Hindus perform the ritual of Shraddh which is spread over four generations - meaning this ritual has to be offered to our departed Parents, Grandparents and Great Grandparents. Our scriptures also mention that in the event a individual cannot physically perform the Shraddh, it can be performed by a Brahmin on his behalf.

Shraddh can be performed on any day round the year, or on Death Anniversaries or during the fortnight of Pitrupaksh. An individual can also perform Pinddaan for himself during the course of his life.

Hindu Shastras have identified three basic locations in India for such Shraddh offerings, namely in line of superiority:
Gaya, Banaras and Nasik.

Anonymous said...

I watched a progamme about this festival a while ago now. The one thing that struck me is how these beliefs give so much comfort, hope and reassurance to people. Families of all ages were in the graveyard with music, hanging flowers etc and it really was lovely to see. It seemed to take the 'sting' out of death and instill the idea of continuing existence. I think this is missing from western society. death seems to me steeped in fear and taboo and is not discussed or dealt with very well at all.

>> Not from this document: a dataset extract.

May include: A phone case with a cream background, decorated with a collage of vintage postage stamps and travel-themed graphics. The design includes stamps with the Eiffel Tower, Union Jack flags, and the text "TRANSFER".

This is where you come in with your band of merry ITLADian followers, Tony!!

Jo (unable to post again from wk!)

Karl Le Marcs said...

Tony: Back in the days of my carefree youth *looks over shoulder with binoculars* I recall playing a computer game called Grim Fandango which your post delivered back to the front of my memory from wherever it had been long dormant.

After some consdierable rooting about in my treasure trove of my loft, I found the game and the box from which the following is taken:

"Grim Fandango takes place in the Land of the Dead, where recently departed souls make their way to the Ninth Underworld. For sinners, this is a four-year journey made on foot and many do not complete it, ending up taking jobs at way-points along the route. However, more virtuous souls receive assistance, the most virtuous getting passage on the "Number Nine" train that cuts the journey down to four minutes. The Travel Agents of the Department of Death act as the Grim Reaper to escort the souls from the mortal world to Land of the Dead, and then determine which mode of transport the soul has merited. Each year, on November 2, there is a large festival celebration of the Day of the Dead."

Sounds like a Robert Rankin plotline doesn't it, but Cheating The Ferryman indeed!!!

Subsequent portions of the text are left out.